Evidence of Human Occupation in the Rockies Found Dating Back 9,000 Years

Image Credit: Denver Museum of Nature and Science.

A group of archeologists excavating a prehistoric site in Golden Colorado have discovered that people inhabited the region thousands of years earlier than previously believed.

Magic Mountain, the archeological site being studied by archeologists is located on land that was previously owned by an amusement park has been excavated since the 1950s.

It is thought that nomadic hunter-gatherers had lived and camped at the site for around five thousand years.

“It’s a great place to be in the winter. You have water. Their animals congregated there. It’s not too high and it’s not too low. It’s kind of the Goldilocks spot of the Front Range,” says archeologist Mark Mitchell, the director at a non-profit, the Paleocultural Research Group, that is collaborating with the Denver Museum of Nature and Science.

But then, in the summer of 2017, they decided to dig a bit deeper.

They excavated more than seven feet underground.

“We dug really deep to try and see if we could get back to some of the earlier remains in the site,” explains Michele Koons, curator of archaeology with the Denver Museum of Nature and Science.

After having excavated the ground the size of a windshield, they found a number of curious items.

“And in there we found some animal bones and some chipped stone from making stone tools,” added Koons.

Radiocarbon dating has shown that the soil layer that contained the artifacts is at least 9,000 years old.

“So we know that people were there during that particular time period and they were probably eating, butchering and cooking those animals and making the stone tools in that particular location,” explains Koons.

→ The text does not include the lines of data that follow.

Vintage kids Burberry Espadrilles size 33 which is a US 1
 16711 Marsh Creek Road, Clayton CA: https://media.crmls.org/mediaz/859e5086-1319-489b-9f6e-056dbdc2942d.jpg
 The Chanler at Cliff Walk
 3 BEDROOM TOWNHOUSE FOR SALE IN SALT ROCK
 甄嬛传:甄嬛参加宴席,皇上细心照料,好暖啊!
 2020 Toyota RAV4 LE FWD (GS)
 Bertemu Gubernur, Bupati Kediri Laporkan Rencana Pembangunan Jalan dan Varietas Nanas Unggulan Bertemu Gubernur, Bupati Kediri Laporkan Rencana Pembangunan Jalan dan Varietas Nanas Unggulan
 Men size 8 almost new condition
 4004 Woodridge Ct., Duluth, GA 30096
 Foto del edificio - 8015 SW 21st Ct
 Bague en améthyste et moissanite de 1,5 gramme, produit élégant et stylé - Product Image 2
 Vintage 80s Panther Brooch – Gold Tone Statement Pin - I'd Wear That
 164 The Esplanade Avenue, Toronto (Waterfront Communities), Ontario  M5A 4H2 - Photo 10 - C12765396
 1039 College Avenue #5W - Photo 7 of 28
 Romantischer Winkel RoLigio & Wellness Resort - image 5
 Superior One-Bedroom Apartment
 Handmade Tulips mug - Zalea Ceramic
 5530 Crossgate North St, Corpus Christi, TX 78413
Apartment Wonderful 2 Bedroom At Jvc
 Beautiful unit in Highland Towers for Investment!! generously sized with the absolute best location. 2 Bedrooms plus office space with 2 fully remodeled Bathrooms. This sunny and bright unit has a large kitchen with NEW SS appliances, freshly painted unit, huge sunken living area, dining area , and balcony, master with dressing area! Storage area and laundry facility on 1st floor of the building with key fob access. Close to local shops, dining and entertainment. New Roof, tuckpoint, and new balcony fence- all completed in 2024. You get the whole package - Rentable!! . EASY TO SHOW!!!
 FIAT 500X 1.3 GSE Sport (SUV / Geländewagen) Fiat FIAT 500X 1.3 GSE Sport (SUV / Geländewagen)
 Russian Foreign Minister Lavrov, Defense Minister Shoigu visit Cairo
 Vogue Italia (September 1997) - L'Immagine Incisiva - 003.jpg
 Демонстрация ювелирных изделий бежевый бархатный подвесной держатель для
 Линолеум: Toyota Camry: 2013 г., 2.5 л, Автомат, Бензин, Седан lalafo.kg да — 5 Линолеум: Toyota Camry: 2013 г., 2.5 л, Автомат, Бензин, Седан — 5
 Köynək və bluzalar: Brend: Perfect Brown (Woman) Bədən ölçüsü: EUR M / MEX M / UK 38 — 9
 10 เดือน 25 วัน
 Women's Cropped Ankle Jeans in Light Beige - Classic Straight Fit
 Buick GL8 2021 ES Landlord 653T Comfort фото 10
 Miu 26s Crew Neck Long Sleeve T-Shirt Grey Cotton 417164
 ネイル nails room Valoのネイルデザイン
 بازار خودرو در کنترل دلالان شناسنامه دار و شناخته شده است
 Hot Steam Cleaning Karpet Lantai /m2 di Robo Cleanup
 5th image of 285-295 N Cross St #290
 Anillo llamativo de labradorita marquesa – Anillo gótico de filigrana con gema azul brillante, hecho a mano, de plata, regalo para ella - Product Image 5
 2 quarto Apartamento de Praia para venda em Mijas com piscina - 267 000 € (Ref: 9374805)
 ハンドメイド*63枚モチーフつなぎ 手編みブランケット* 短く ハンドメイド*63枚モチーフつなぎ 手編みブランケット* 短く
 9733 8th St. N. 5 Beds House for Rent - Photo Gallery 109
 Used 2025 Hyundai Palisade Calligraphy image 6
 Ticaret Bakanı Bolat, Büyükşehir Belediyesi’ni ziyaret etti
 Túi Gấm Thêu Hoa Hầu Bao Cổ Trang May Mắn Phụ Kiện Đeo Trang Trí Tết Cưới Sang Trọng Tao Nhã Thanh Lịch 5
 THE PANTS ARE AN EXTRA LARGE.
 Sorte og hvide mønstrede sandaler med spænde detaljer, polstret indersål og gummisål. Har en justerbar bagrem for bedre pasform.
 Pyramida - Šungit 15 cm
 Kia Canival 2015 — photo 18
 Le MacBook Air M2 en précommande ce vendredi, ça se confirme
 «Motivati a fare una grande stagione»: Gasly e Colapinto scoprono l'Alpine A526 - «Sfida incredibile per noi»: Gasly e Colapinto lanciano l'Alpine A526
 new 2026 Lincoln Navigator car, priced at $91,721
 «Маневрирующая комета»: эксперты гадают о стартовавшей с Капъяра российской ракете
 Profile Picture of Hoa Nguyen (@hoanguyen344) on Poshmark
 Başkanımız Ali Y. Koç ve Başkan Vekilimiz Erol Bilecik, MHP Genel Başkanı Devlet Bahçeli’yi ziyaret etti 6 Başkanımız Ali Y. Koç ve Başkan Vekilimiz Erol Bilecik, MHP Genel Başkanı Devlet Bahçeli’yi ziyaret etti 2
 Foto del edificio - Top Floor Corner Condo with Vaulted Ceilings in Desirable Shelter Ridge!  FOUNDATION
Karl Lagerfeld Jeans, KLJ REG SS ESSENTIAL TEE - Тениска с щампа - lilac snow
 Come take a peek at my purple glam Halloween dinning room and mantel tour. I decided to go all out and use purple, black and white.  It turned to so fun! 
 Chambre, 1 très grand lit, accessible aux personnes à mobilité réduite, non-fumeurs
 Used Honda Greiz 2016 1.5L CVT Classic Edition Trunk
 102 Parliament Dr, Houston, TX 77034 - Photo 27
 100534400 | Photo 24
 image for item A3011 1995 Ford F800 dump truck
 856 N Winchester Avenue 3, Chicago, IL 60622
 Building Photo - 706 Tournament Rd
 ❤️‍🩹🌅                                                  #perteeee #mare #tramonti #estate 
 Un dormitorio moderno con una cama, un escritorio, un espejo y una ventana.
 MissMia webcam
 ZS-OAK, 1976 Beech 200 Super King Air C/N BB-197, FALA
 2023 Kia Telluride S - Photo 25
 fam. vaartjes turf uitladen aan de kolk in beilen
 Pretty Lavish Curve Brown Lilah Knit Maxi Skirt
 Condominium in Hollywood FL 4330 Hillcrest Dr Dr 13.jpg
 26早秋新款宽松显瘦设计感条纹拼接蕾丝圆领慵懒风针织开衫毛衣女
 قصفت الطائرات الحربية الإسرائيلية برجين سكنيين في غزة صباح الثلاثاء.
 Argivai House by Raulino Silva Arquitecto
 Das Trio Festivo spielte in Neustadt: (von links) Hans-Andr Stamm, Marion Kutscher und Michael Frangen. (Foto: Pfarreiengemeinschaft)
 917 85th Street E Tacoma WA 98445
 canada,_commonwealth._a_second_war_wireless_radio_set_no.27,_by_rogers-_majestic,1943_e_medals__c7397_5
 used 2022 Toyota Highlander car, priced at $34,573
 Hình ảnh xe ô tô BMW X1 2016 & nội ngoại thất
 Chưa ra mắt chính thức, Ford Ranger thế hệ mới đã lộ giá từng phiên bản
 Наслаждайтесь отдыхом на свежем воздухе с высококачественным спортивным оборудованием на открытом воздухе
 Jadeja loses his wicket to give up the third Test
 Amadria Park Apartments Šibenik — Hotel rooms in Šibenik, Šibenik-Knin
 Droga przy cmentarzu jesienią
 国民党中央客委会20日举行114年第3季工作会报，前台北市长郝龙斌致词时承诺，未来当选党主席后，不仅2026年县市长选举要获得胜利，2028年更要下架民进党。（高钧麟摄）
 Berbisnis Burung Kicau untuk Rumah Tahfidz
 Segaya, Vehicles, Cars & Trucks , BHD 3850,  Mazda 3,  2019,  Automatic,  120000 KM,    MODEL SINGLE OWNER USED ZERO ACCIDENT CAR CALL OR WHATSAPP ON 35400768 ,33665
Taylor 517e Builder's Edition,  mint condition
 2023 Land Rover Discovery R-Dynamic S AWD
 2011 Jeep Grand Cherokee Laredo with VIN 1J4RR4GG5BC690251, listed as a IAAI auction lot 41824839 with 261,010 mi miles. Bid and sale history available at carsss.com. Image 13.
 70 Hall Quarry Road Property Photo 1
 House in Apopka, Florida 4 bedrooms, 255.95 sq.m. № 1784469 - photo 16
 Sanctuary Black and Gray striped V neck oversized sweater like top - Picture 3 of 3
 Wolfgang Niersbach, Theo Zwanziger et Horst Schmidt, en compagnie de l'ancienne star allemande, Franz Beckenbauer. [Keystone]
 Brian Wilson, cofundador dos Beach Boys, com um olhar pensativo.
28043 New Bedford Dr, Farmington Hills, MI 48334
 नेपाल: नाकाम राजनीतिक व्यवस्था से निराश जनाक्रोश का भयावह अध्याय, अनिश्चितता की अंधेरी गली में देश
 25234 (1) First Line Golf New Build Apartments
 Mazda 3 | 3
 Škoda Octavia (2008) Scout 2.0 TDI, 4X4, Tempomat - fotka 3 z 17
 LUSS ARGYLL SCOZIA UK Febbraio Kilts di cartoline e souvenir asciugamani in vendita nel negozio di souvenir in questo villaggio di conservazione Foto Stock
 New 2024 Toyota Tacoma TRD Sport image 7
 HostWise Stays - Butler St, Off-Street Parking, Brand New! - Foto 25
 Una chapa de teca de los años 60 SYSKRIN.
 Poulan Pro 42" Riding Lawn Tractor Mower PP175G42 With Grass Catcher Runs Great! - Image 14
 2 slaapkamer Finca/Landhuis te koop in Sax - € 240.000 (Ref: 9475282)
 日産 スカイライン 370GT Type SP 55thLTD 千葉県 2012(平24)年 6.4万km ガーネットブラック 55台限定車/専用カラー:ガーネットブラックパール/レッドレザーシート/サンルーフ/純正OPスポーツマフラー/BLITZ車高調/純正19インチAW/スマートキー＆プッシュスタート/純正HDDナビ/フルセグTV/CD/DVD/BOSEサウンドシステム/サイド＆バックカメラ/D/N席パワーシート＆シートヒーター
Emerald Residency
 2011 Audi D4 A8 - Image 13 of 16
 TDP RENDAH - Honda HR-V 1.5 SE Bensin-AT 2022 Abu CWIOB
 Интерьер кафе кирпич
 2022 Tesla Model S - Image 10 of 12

To verify their discovery, Koons and her colleagues will submit their findings to a scientific journal in the coming months.

“We have very few opportunities to see dirt that’s that old and that’s sort of the mantra among archaeologists who are interested in an early occupation in North America,” said Mitchell.

“You’ve got to find the old dirt, and it’s hard to find because it’s either been eroded away or it’s buried.”

While 9,000 years is certainly a nice number, it’s not the evidence of the oldest human occupation in America, as archaeologists have uncovered traces of occupation dating back more than 14,000 years.